Exactly as written, transcribe the data that follows.

##### Source material #####

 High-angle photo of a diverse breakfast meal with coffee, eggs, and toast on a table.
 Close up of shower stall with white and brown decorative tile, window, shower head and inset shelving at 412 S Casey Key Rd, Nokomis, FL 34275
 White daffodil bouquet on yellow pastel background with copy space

#####

• **Answer to the exercise**
 High-angle photo of a diverse breakfast meal with coffee, eggs, and toast on a table.
 Close up of shower stall with white and brown decorative tile, window, shower head and inset shelving at 412 S Casey Key Rd, Nokomis, FL 34275
 White daffodil bouquet on yellow pastel background with copy space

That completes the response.